Cory Bergman (men’s swimming, 2002-05): The eight-time Northwest Conference individual champion left Whitworth with NWC records in the 100- and 200-yard breaststroke. He was a three-time NCAA Division III All-American, a three-time honorable mention All-American and a two-time Academic All-American, one first team, one second.

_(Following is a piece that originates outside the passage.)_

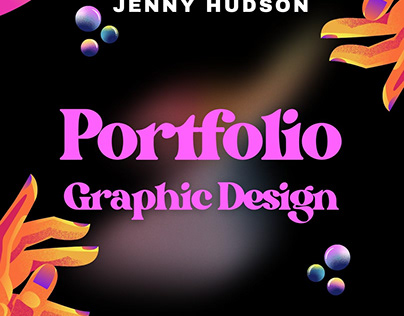 Jenny Hudson - Graphic Designs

Natalie Turner (women’s swimming, 2007-10): Arguably the most dominant women’s swimmer in NWC history – four-time Women’s Swimmer of the Year, 12-time individual champion, never lost an individual dual meet race to a conference opponent and still holds three conference records. She qualified in the maximum 12 individual events at the NCAA D-III Championships during her career and scored in all, earning 10 All-America honors and twice was an honorable mention All-American.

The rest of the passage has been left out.